(Stored data entries)
-.-.-

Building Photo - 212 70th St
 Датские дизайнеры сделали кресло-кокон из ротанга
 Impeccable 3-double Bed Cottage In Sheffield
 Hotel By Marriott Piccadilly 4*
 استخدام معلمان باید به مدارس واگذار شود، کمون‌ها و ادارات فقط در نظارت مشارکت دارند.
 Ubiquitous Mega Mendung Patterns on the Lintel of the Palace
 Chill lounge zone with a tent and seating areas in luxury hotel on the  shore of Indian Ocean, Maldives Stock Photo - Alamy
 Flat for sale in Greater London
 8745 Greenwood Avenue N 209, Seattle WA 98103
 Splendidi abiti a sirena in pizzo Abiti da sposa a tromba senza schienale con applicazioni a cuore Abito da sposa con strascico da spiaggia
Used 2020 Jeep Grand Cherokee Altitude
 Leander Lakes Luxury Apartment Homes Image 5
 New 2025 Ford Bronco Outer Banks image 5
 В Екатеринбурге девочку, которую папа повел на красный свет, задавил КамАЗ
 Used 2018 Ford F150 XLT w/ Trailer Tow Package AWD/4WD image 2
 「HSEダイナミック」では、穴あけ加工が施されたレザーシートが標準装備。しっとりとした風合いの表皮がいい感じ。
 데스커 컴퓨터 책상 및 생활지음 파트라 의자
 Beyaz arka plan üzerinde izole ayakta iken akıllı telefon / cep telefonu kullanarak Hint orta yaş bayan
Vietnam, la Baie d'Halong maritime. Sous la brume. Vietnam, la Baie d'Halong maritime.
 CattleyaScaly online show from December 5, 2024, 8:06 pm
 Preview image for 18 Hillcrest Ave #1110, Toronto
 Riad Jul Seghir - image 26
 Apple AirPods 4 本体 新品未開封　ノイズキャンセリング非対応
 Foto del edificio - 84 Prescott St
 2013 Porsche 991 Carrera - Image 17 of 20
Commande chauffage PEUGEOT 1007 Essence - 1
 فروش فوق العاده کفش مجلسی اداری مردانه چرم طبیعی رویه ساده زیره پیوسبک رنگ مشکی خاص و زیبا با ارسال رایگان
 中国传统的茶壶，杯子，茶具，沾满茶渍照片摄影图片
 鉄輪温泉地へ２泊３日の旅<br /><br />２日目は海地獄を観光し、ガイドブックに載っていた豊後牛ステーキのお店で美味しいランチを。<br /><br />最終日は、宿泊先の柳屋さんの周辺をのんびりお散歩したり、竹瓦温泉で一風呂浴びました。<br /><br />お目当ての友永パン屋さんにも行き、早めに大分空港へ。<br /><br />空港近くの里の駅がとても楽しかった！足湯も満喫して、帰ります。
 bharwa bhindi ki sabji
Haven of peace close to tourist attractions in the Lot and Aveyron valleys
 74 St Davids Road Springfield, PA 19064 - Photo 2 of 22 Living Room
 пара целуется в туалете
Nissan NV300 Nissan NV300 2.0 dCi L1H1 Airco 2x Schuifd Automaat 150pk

-.-.-

### [Task to complete]
Of the lines above, extract only those from the line with "Ubiquitous Mega Mendung" to the line with "Preview image for", both included, exactly as written.

### [Reply]
 Ubiquitous Mega Mendung Patterns on the Lintel of the Palace
 Chill lounge zone with a tent and seating areas in luxury hotel on the  shore of Indian Ocean, Maldives Stock Photo - Alamy
 Flat for sale in Greater London
 8745 Greenwood Avenue N 209, Seattle WA 98103
 Splendidi abiti a sirena in pizzo Abiti da sposa a tromba senza schienale con applicazioni a cuore Abito da sposa con strascico da spiaggia
Used 2020 Jeep Grand Cherokee Altitude
 Leander Lakes Luxury Apartment Homes Image 5
 New 2025 Ford Bronco Outer Banks image 5
 В Екатеринбурге девочку, которую папа повел на красный свет, задавил КамАЗ
 Used 2018 Ford F150 XLT w/ Trailer Tow Package AWD/4WD image 2
 「HSEダイナミック」では、穴あけ加工が施されたレザーシートが標準装備。しっとりとした風合いの表皮がいい感じ。
 데스커 컴퓨터 책상 및 생활지음 파트라 의자
 Beyaz arka plan üzerinde izole ayakta iken akıllı telefon / cep telefonu kullanarak Hint orta yaş bayan
Vietnam, la Baie d'Halong maritime. Sous la brume. Vietnam, la Baie d'Halong maritime.
 CattleyaScaly online show from December 5, 2024, 8:06 pm
 Preview image for 18 Hillcrest Ave #1110, Toronto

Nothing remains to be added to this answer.